As others have pointed out, no matter how good this deal looks, the Mercedes willbe very expensive to own and operate.

Others are trying to warn you of a financial pit you may be digging for yourself. If money is no object, as it is with some of my friends, go ahead and buy the Mercedes. I would personally feel like a heel driving a Mercedes, and my wife driving a Rabbit.

Here are some cost projections for the Benz and the Jetta. The CLK320 will cost much more just because it is out of warranty. As a certified car, the Benz will cost less than listed since some or all of the repairs will be covered, but not for 5 years.
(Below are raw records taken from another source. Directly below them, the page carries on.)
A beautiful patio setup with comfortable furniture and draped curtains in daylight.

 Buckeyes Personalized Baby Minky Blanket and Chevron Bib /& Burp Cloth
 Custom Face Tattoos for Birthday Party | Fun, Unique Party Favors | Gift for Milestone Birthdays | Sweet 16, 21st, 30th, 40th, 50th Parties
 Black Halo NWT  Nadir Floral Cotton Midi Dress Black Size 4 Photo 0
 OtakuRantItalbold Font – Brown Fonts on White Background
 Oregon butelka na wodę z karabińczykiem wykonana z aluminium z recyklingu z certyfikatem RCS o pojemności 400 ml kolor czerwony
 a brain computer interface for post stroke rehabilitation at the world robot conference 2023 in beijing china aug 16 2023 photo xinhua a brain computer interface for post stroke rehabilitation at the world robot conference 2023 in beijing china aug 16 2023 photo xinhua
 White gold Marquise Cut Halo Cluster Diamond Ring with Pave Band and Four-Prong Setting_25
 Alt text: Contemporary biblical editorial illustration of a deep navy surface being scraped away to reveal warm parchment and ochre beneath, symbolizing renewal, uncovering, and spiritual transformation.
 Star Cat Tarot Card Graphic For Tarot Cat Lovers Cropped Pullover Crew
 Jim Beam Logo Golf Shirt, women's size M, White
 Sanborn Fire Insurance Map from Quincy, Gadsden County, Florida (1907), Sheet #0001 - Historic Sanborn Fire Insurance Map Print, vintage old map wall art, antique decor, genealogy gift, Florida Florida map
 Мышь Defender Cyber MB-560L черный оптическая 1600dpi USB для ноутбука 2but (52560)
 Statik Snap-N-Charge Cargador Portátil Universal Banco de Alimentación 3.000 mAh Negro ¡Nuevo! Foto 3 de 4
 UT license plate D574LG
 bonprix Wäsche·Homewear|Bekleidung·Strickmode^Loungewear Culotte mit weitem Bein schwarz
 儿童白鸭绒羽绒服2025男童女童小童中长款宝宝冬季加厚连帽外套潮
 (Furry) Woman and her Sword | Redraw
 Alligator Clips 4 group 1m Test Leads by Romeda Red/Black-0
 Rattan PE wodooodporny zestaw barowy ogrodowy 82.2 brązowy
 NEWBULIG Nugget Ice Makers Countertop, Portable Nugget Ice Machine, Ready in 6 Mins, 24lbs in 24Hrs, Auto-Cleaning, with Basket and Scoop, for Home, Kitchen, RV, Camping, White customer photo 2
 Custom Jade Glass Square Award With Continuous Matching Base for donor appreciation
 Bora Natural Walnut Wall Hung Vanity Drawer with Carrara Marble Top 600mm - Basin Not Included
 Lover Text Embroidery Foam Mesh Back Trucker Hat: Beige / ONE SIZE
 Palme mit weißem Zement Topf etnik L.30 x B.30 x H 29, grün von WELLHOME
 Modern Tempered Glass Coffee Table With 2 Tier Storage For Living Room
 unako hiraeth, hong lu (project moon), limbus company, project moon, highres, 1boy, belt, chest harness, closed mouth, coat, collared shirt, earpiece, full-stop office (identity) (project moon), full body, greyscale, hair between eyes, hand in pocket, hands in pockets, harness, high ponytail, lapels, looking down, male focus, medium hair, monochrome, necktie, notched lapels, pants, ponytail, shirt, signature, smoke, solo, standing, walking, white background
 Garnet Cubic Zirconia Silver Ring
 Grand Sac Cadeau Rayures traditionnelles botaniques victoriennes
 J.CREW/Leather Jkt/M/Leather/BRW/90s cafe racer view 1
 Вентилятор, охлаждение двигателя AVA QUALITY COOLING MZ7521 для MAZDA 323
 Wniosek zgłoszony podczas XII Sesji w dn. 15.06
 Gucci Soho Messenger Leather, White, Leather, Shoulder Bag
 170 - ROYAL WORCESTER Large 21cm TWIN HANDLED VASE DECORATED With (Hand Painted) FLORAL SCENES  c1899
http://www.edmunds.com/used/2005/mercedesbenz/clkclass/100454320/cto.html

http://www.edmunds.com/used/2005/mercedesbenz/clkclass/100454320/cto.html

Note that the Jetta cost is for the gasoline model, not the diesel. They don’t have a TCO for the TDI yet. The estimated cost difference over 5 years is $14,000 in favor of the Jetta. The usual suspects account for the difference: insurance, maintenance, fuel, and repairs.

The other posters do not realize that MB(if MB certified) gets 5yr(from date of first purchase or lease) or 100,000 mile warranty on the vehicle.

The OP never mentioned if it was a certified car, so why would we think it might be?

The Jetta TDI has been around for a while, but is now only being introduced to the US.

Well VW has had diesel cars in the US a long time. They even had a diesel version of the bus. I had a Diesel Rabbit back in the 70’s. Today I have a TDI (Turbo Diesel Injected) New Beetle and it is a 2002 model, I believe the TDI was introduced into the US a few years prior.

What has happened recently is the introduction of the new cleaner models that have been around in Europe for several years, but could not come over here because the trucking industry fought the new cleaner diesel fuels the new car’s needed. In fact they did not import any 2008 models because of this problem.

To the OP, I am like you and I was looking at a MB diesel when I bought my Rabbit diesel. When I got my 2002 I did not even consider an MB.